Thus emptiness becomes attractive. Absence creates yearning. Tel Aviv became a hedonistic refugee camp of the threatened secular bourgeoisie, who gathered from all corners of the country on the shores of the Mediterranean. They aren’t looking for what the city has, but for what it doesn’t have, or has in very small numbers: Haredim, Orthodox, the poor.
Ossification
But cities that are built on nothing are playing a dangerous game. That happened in Berlin, which within a bit more than a decade morphed from an inexpensive, laid-back place into a real-estate bonanza. The punks were supplanted by hipsters, who in turn were dislodged by yuppie high-tech types. Fearsome investment houses acquired entire city blocks. Prices in workers’ neighborhoods like Neukolln and Kreuzberg doubled in just a few years. Everyone wants to live in the center of the young and vital center. But as soon as “everyone” arrived, the scene ossified.
And then, one day, Berlin’s new residents opened their eyes, looked around and asked themselves what the city actually has. And the answer, again, was nothing. But this time the nothing was priced dearly. Apartments in neglected neighborhoods are going at exorbitant prices thanks to the “young, vibrant scene” that’s promised to the buyers. But that scene is becoming less and less young and vibrant. That’s true in both Berlin and Tel Aviv, which in recent years has been buckling under its attractiveness. It has become too expensive for its nothingness.

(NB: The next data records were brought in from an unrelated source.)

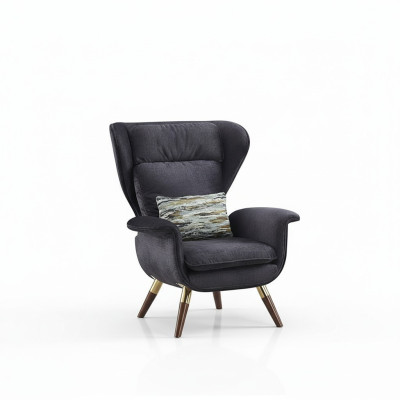 Armchair Design Couch Sofa Seater Luxury Wing Seat Relax Leather Lounge Club Upholstery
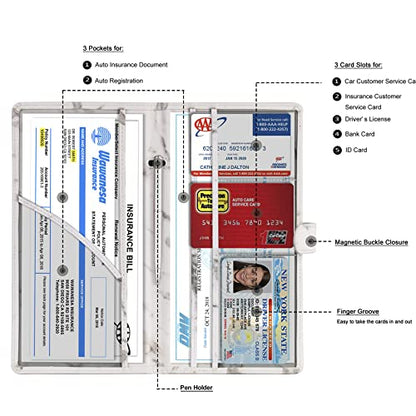 Car Registration and Insurance Card Holder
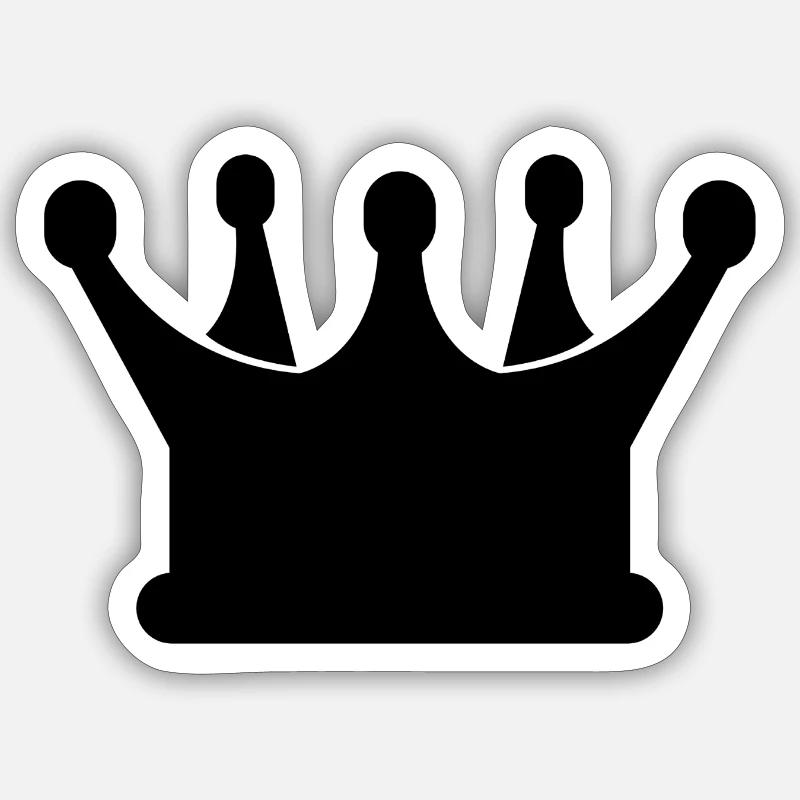 Crown - Sticker size S (10 x 10 cm) - white matte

The point is that a strategy of nothing is appropriate for a vital, dynamic city, but not one sated and choking on money. The Tel Aviv municipality can dig tunnels that will enable movement by millions of people daily, but all that will only underscore what’s not here. In Rome, after all, there’s the Pantheon and the Sistine Chapel, and Paris has the Place de la Concorde and the Luxembourg Gardens. Tel Aviv has Givon Square. From the workers’ city that was built, as the song says, “from the foam of a wave and a cloud,” what remains is mostly foam. Very expensive foam.